Savarkar
- Part 1: Echoes from a Forgotten Past, 1883–1924; Part 2: A Contested Legacy, 1924-1966;
- Author: Vikram Sampath
- Country: India
- Language: English
- Genre: Biography
- Publisher: Penguin (India Viking)
- Published: Part 1: August 2019; Part 2: May 2021;
- Media type: Print/Digital
- No. of books: 2
- Website: Part 1 Part 2

= Savarkar (book) =

Book about Vinayak Damodar Savarkar

Savarkar is a two-part biography about Indian politician and ideologue Vinayak Damodar Savarkar, written by Indian popular historian and columnist Vikram Sampath and published by Penguin Viking. The book met with a critical reception from scholars as well as accusation of plagiarism.

==About==
The series contains two books. The first book covers Savarkar’s life until 1924, including his years in London and imprisonment. The second book covers the later years of Savarkar, until 1966. It includes Savarkar's work with the Hindu Mahasabha and the Rashtriya Swayamsevak Sangh (RSS), his opposition to Gandhi’s non-violence, his implication and acquittal in Gandhi’s assassination and its overall impact on his contentious legacy.

== Reception ==
The book was critiqued by several academics.

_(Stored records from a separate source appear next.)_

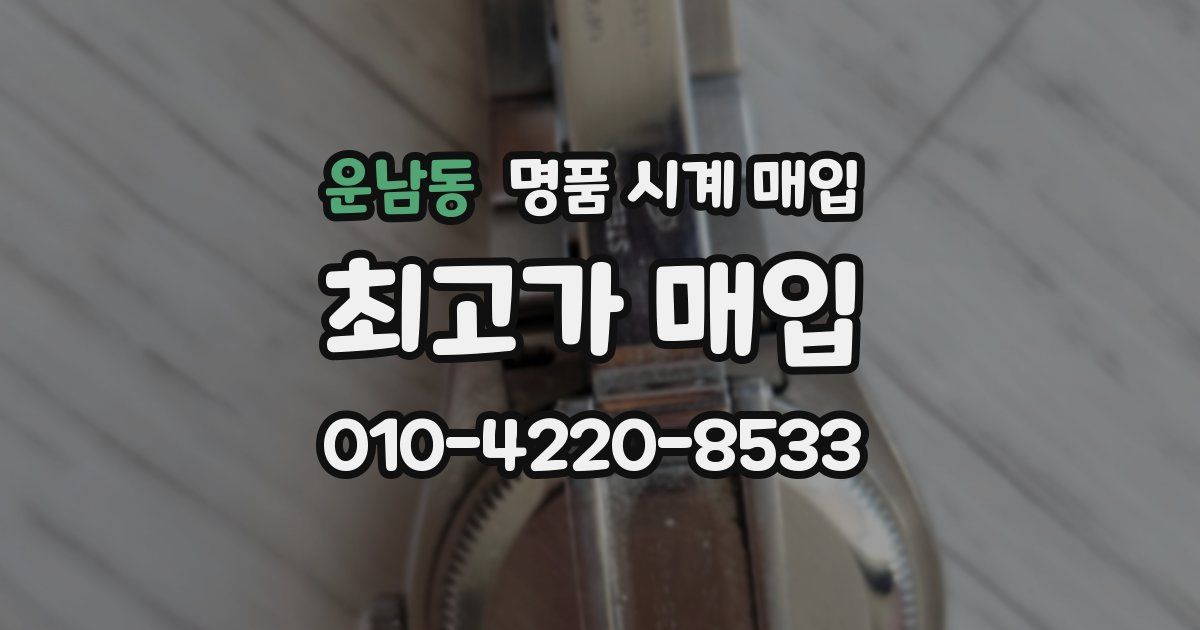 운남동 명품 시계 매입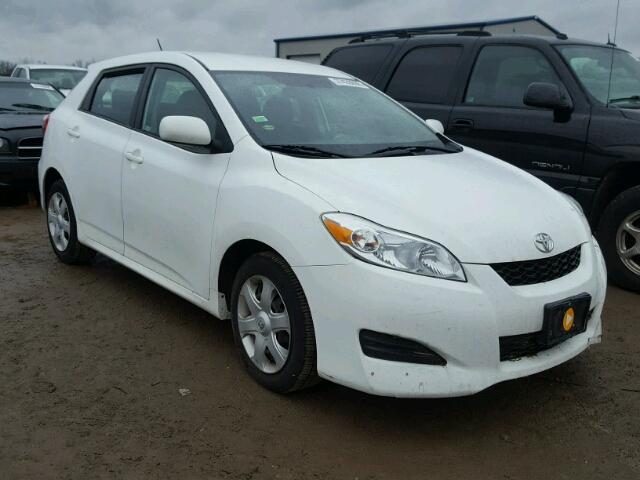 2T1KU40E69C037539 - 2009 TOYOTA COROLLA MA WHITE photo 1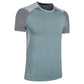 Mens Sport Tee Bodybuilding Gym Running Jogging Short Sleeves Fashion Patchwork Print Breathable Quick Drying Workout Shirts - Clothesfassion.store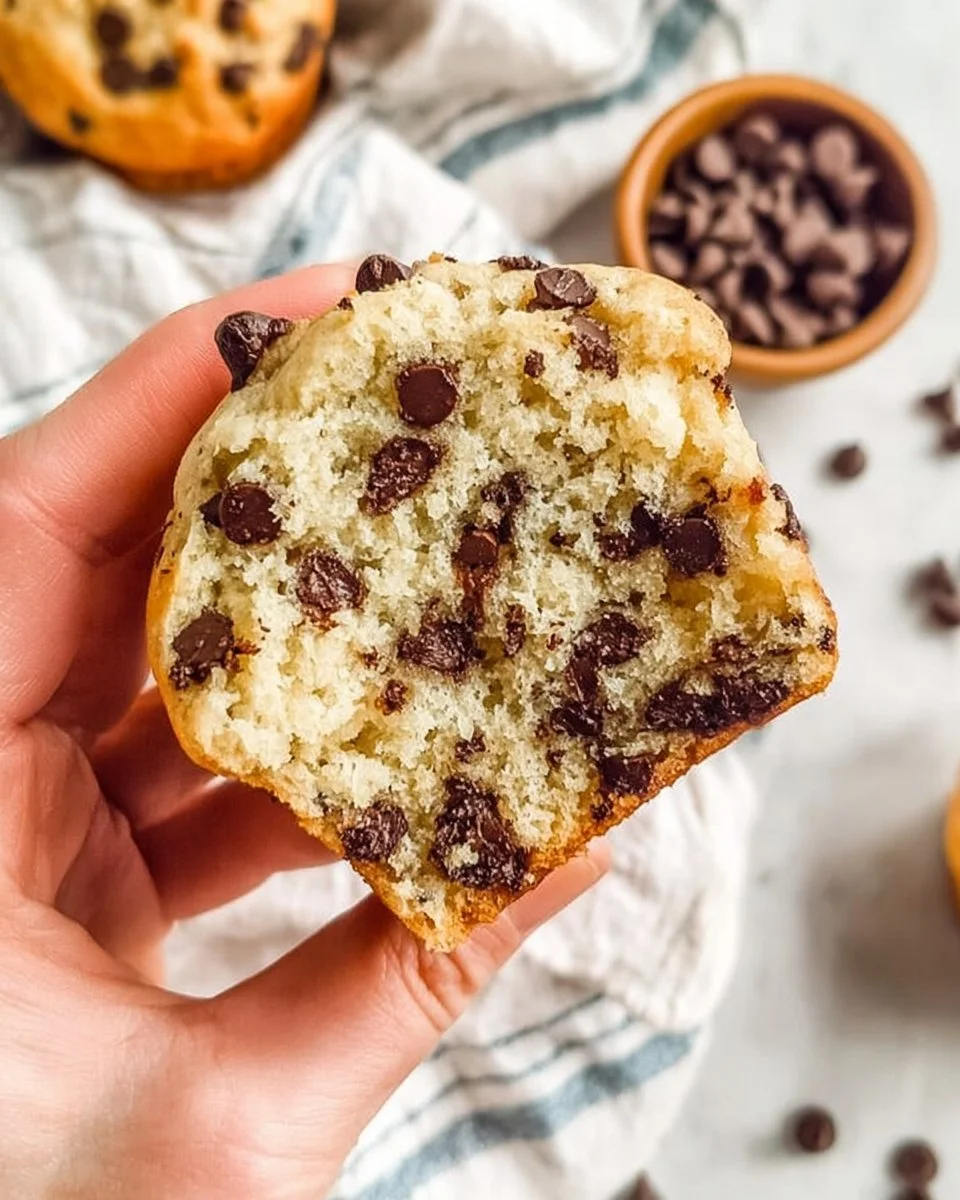 Easy Chocolate Chip Muffins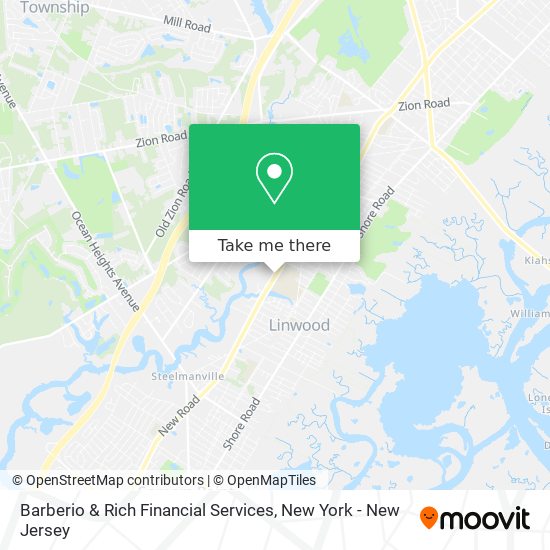 Barberio & Rich Financial Services map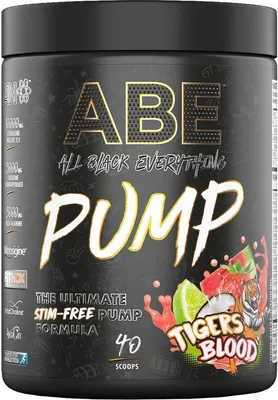 Applied Nutrition ABE Pump - Stim-Free - Азотен бустер · Тигрова кръв · 500 g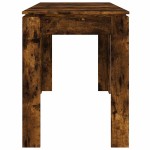 vidaXL Masă de bucătărie, stejar fumuriu, 120x60x76 cm, lemn prelucrat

Janaki Bakhle, an associate professor of Indian history at University of California, Berkeley who reviewed the volumes for India Today, noted despite meticulous and thorough research, Sampath's contribution is wholly uncritical, and he accepts every primary source at face value; Bakhle criticised Sampath's interpretation of concurrent historical events as non-objective and lacking in updates from relevant scholarship. Vikram Visana, a Lecturer in Political Theory at the University of Leicester criticises him for failing to put Savarkar's "rhetorical historywriting" that makes use of "epic heroism and myth-making" to incite "revolutionary violence" into context with his narrative. He also criticises him for taking Savarkar's allegations of abuse by Muslim prison wardens in Savarkar's My transportation for life at face value. Reviewing for Open, popular historian Manu S. Pillai voiced similar concerns; he praised Sampath's meticulous research and his persuasive case of Savarkar as a martyr who had sacrificed his youth for the cause of nation but criticised his methodologies, especially the uncritical acceptance of Savarkar's self-laudatory memoirs, and Sampath was held to be an unobjective biographer.

Madhav Khosla, professor of Political Science at Columbia Law School who reviewed the work for Hindustan Times, commended the detailed narrative but found Sampath's treatment of Savarkar's extremist views and his relationship with the British government less "thoughtful" when compared to another contemporary biography by Vaibhav Purandare. Salil Tripathi, reviewing for Mint, found Sampath's choice of language and analyses to "give away" his obvious bias despite the façade of neutrality; particular attention was drawn to the cavalier descriptions of any massacre perpetrated by Muslims as "genocides".

In contrast, Swati Parashar, a professor at the University of Gothenburg who reviewed the volumes for The Hindu, called the comprehensive treatment of Savarkar a "must-read", admiring how he brought out "the contradictions, complexities and complicities" that made Savarkar. Reviewing for The Telegraph, TCA Raghavan described the book as "a straightforward, no-fuss narrative without hyperbole and hero worship".

== Plagiarism allegations ==
In a letter to the president of the Royal Historical Society dated 11 February 2022, professors Audrey Truschke, Rohit Chopra, and Ananya Chakravarti accused Sampath of plagiarism and requested Sampath's membership be reviewed and his scholarship be thoroughly examined. The letter includes as examples sections from a 2017 article by Sampath published in India Foundation Journal and an example from his biography of Savarkar, in which a paragraph was nearly identical to one in an undergraduate student thesis. It was later supplemented with more examples of identical reproduction from the works of Chaturvedi and R. C. Majumdar. Sampath rejected the allegations and filed a defamation suit in Delhi High Court seeking costs of ₹two crore ( USD).